What to work on
Please restate the records that follow exactly, skipping their images.

Records excerpted from a collection
|---|

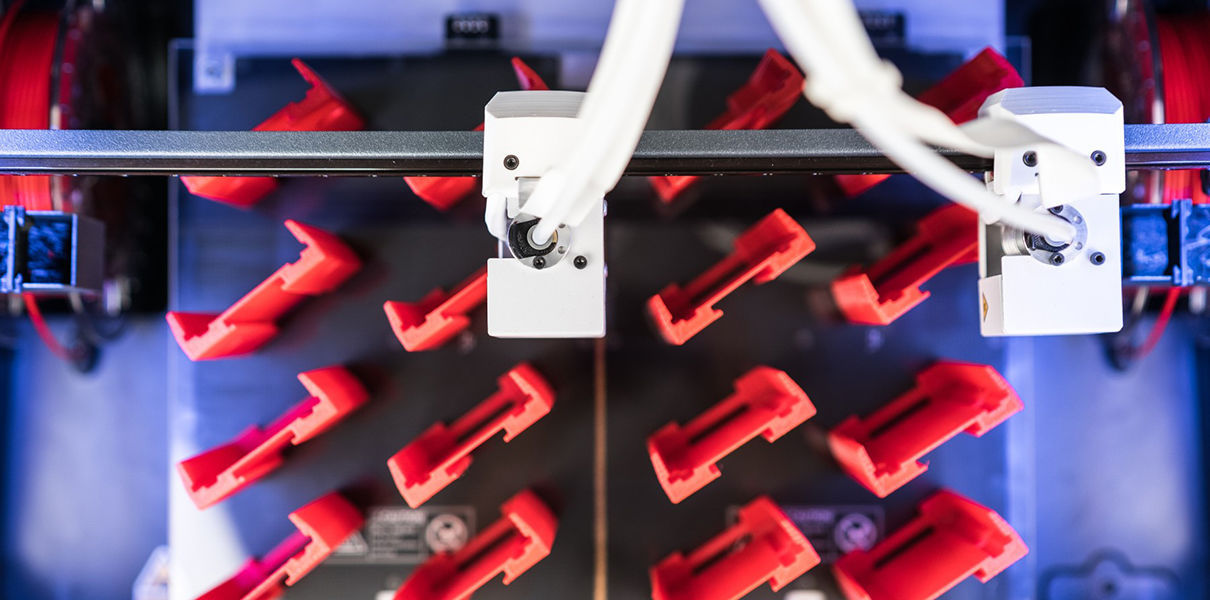 Новая технология позволяет менять цвет напечатанных 3D-деталей.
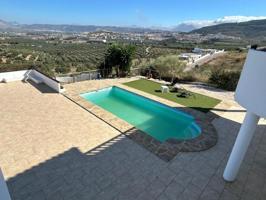 Chalet en venta en Antequera, Sta Catalina - Fuentemora photo 0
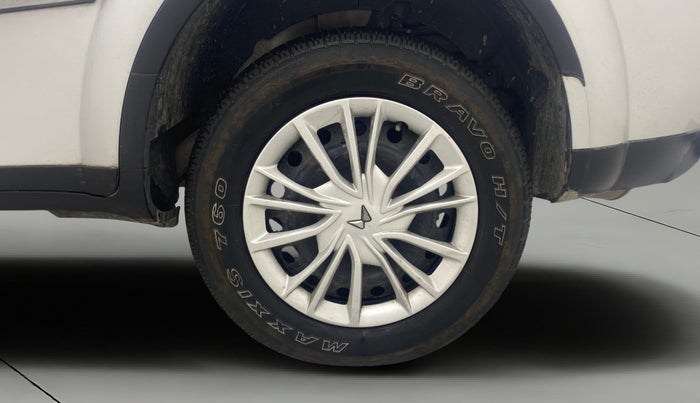 2017 Mahindra XUV500 W6 1.99, Diesel, Manual, 63,827 km, Left Rear Wheel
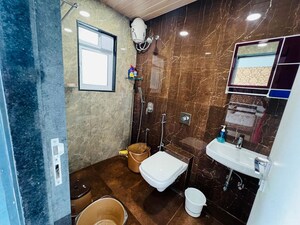 Living Room in 2 BHK Apartment at Dadar East – for Rent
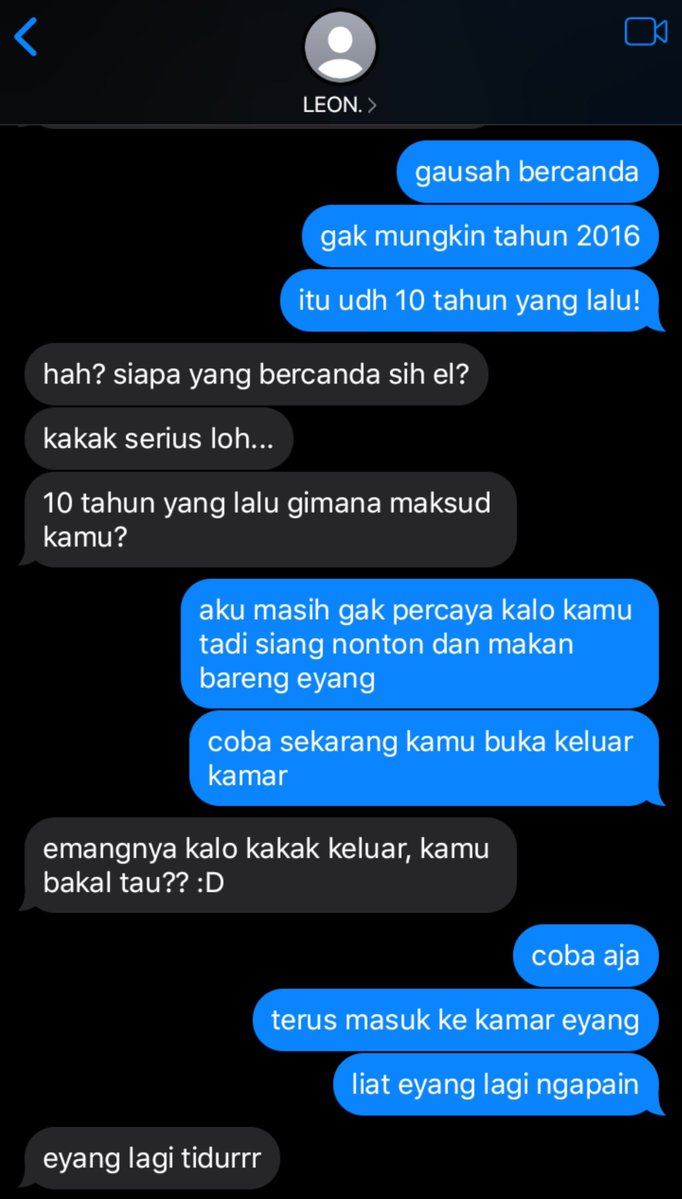 ninetytwosvibe's tweet photo. 9.
Berbeda (anggep bisa ngirim foto ya 😭🙏) https://t.co/chYLcZZUYs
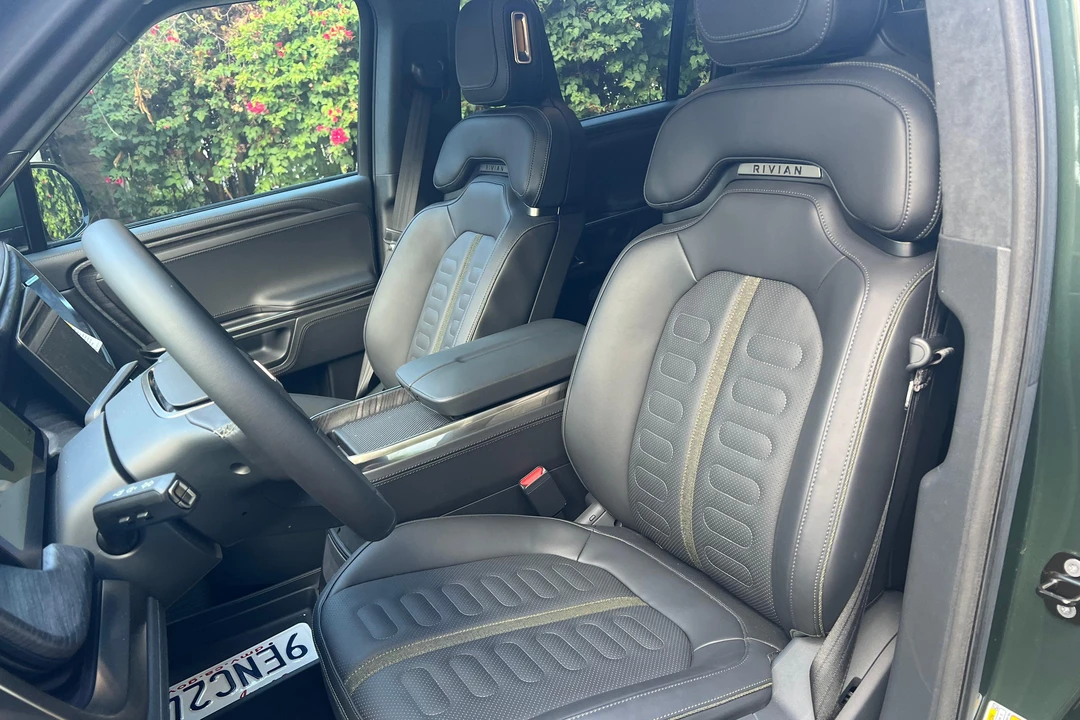 2022 Rivian R1S - Image 26 of 31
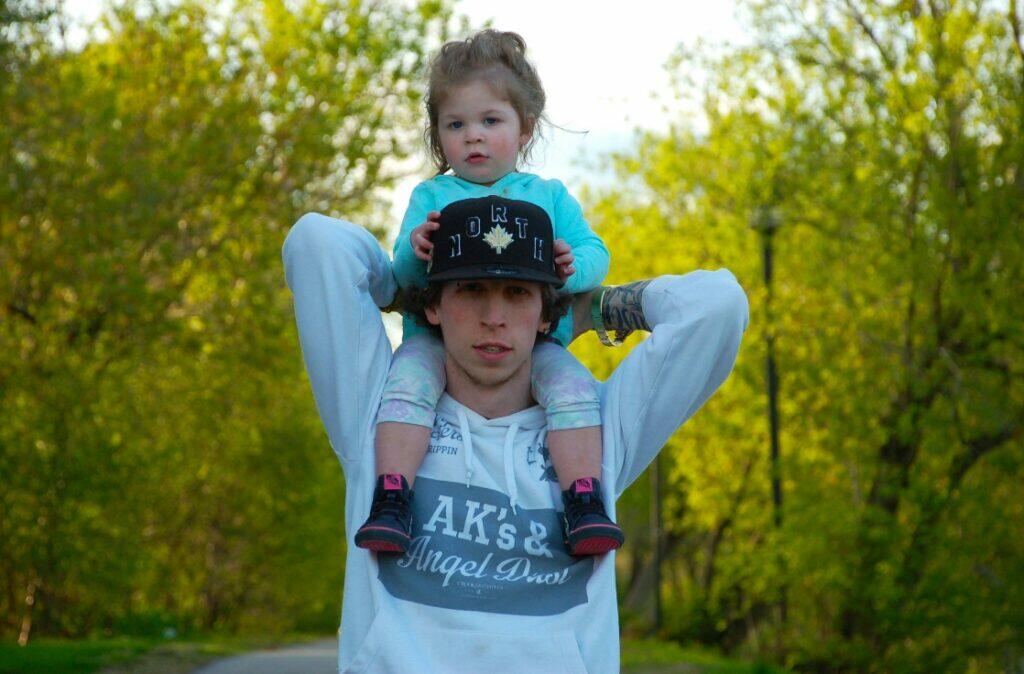 Girl and dad (Unsplash | Chelsey Faucher)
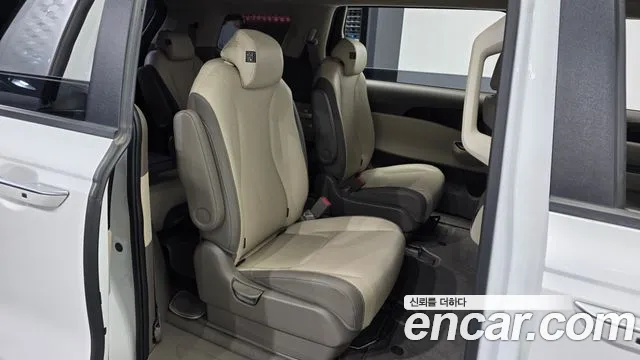 Kia Canival Carnival 4 поколение 9 мест Prestige — Фото автомобиля 9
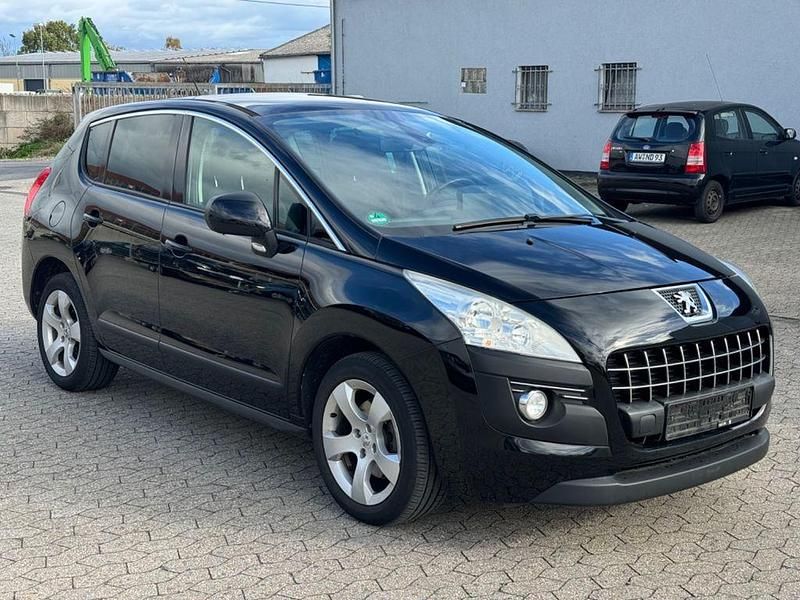Schwarz Gebraucht 2012 Peugeot 3008 SUV | 9.950 € (Etwas zu teuer) - Bild 1/4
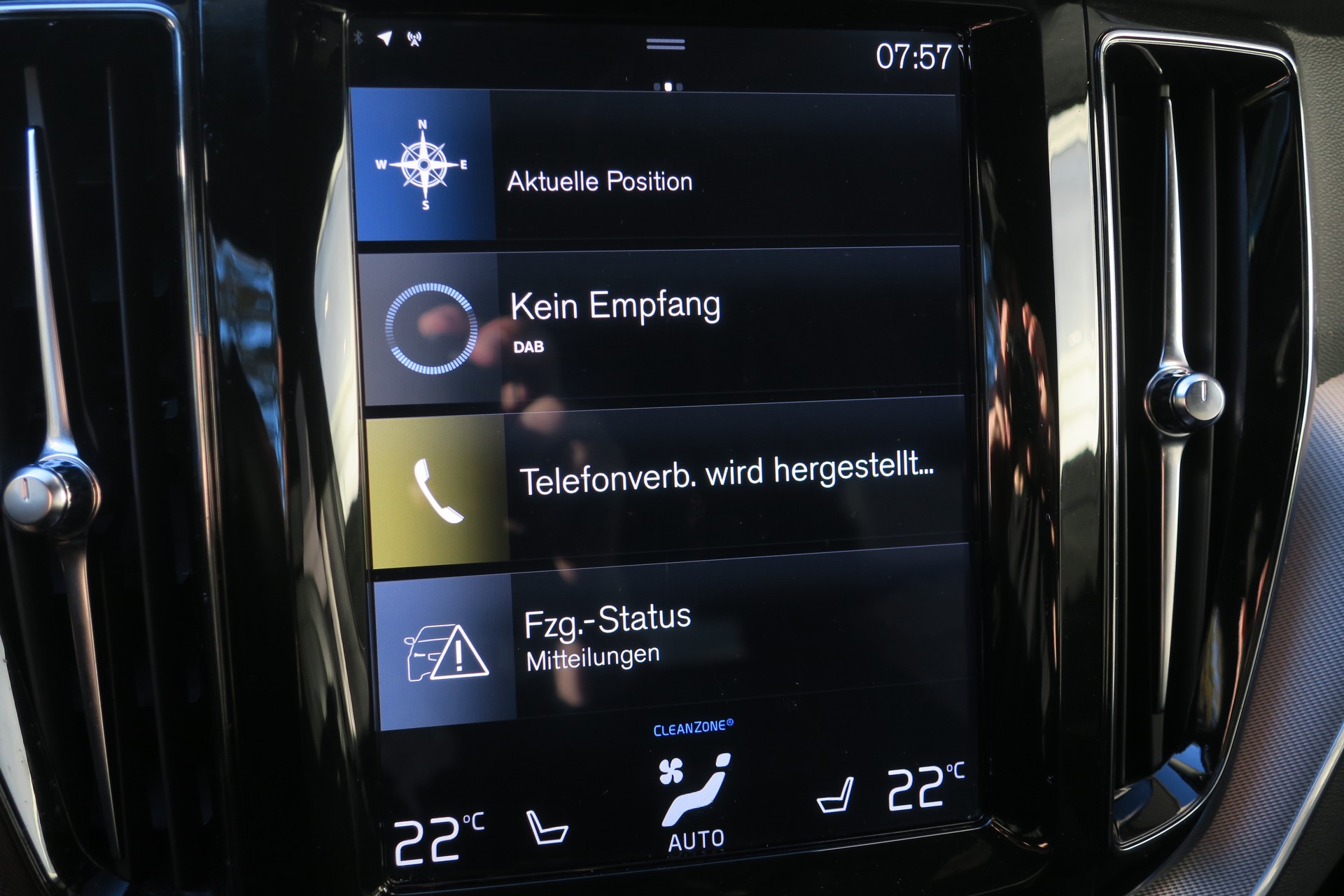 VOLVO XC60 B5 Benzin Mild Hybrid AWD R-Design Geartronic-image-10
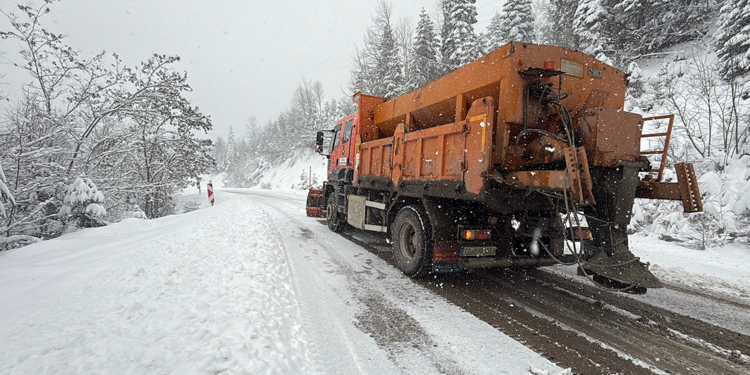 Bartın'da zirvede kar güzelliği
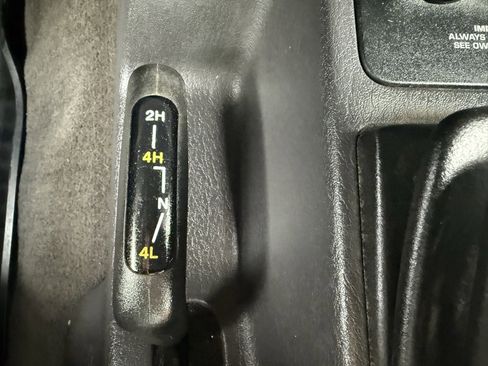 Used 2002 Jeep Wrangler X image 23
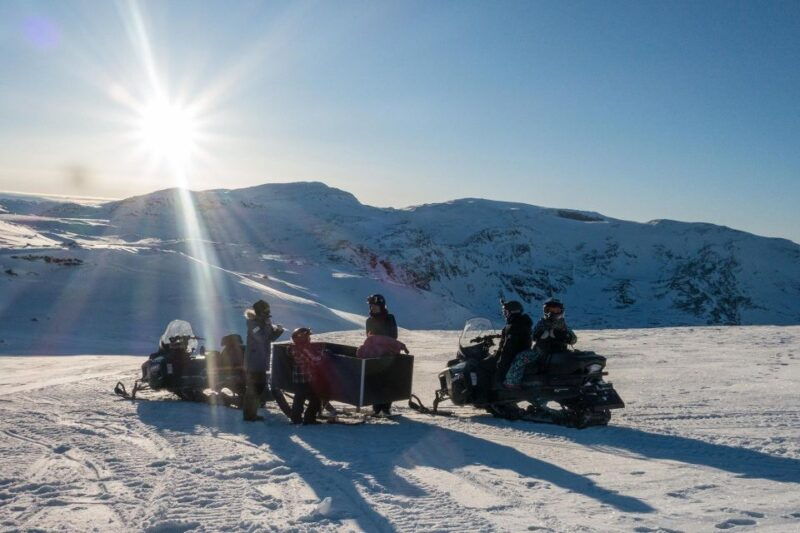 abisko-snowmobile-sled-expedition-with-snack-and-hot-drink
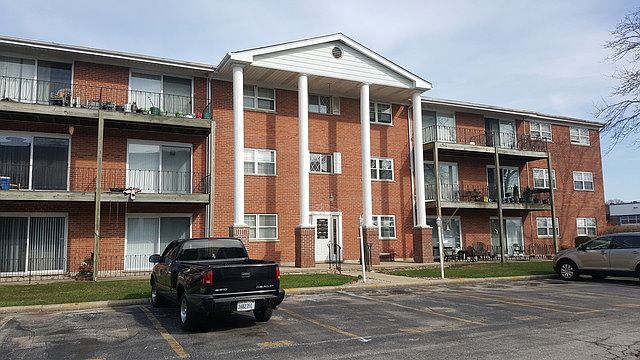 1st image of 6115 W 94th St APT C6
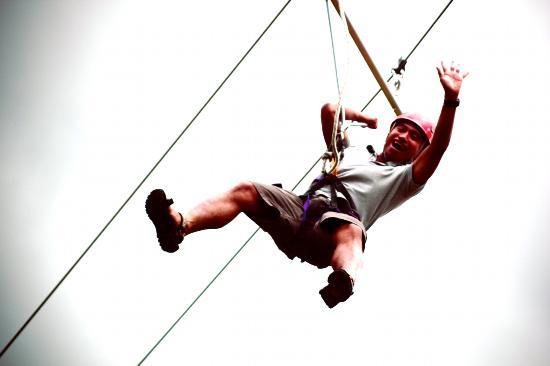 Zip Borneo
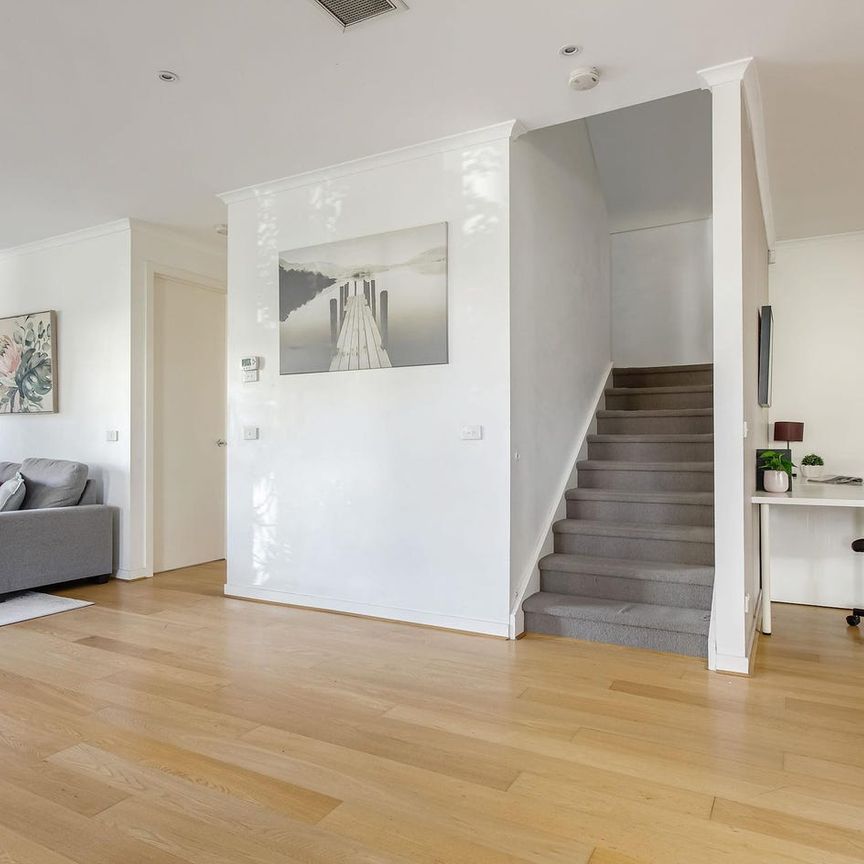 Furnished 4-Bedroom Family Home with Double Garage & Alfresco Living - Photo 1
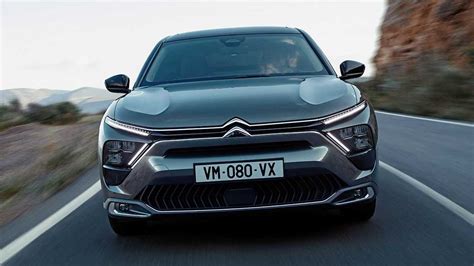 New Citroen C5 X Revealed As Part Sedan, Part Wagon, Part SUV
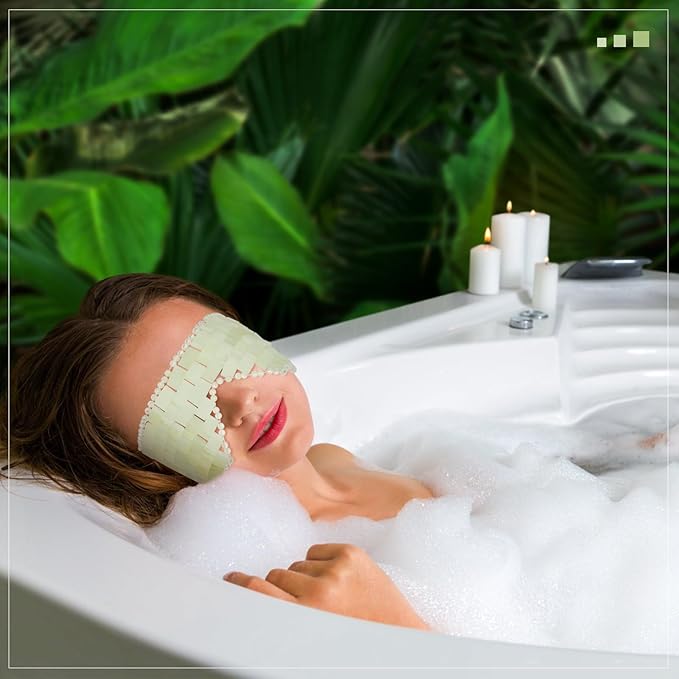 Hercicy 4 Pcs Jade Eye Mask Green Jade Stone Facial Cooling Mask for Alleviate Puffiness Face Massage Relax Eyes Relieve Migraine Meditation Beauty (Green)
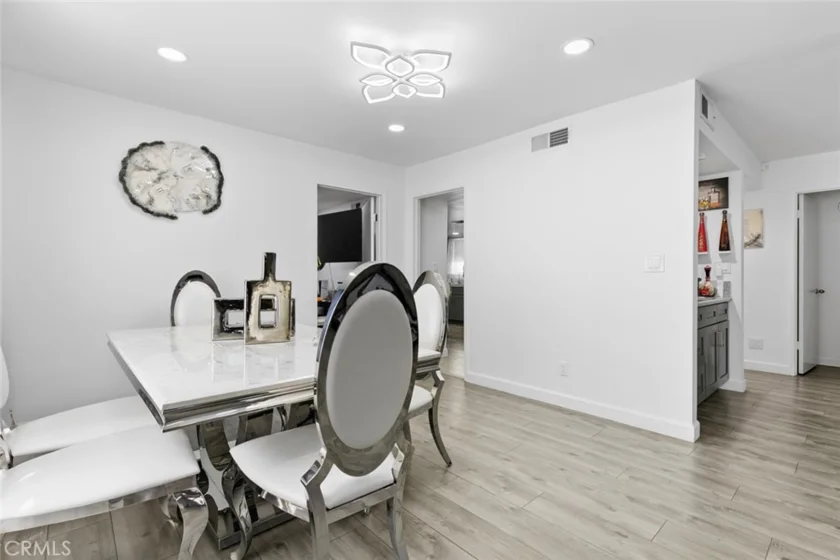 8801 Cedros Avenue #7 photo 17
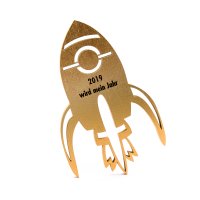 Rakete mit Name und Datum
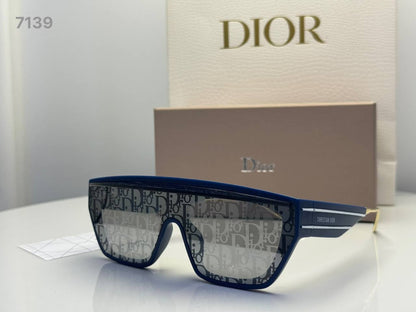Sunglasses
65 dhs💓

Zain182
♥️♥️♥️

|---|

Exercise result
 Новая технология позволяет менять цвет напечатанных 3D-деталей.
 Chalet en venta en Antequera, Sta Catalina - Fuentemora photo 0
 2017 Mahindra XUV500 W6 1.99, Diesel, Manual, 63,827 km, Left Rear Wheel
 Living Room in 2 BHK Apartment at Dadar East – for Rent
 ninetytwosvibe's tweet photo. 9.
Berbeda (anggep bisa ngirim foto ya 😭🙏) https://t.co/chYLcZZUYs
 2022 Rivian R1S - Image 26 of 31
 Girl and dad (Unsplash | Chelsey Faucher)
 Kia Canival Carnival 4 поколение 9 мест Prestige — Фото автомобиля 9
Schwarz Gebraucht 2012 Peugeot 3008 SUV | 9.950 € (Etwas zu teuer) - Bild 1/4
 VOLVO XC60 B5 Benzin Mild Hybrid AWD R-Design Geartronic-image-10
 Bartın'da zirvede kar güzelliği
 Used 2002 Jeep Wrangler X image 23
 abisko-snowmobile-sled-expedition-with-snack-and-hot-drink
 1st image of 6115 W 94th St APT C6
 Zip Borneo
 Furnished 4-Bedroom Family Home with Double Garage & Alfresco Living - Photo 1
 New Citroen C5 X Revealed As Part Sedan, Part Wagon, Part SUV
 Hercicy 4 Pcs Jade Eye Mask Green Jade Stone Facial Cooling Mask for Alleviate Puffiness Face Massage Relax Eyes Relieve Migraine Meditation Beauty (Green)
 8801 Cedros Avenue #7 photo 17
 Rakete mit Name und Datum
Sunglasses
65 dhs💓

Zain182
♥️♥️♥️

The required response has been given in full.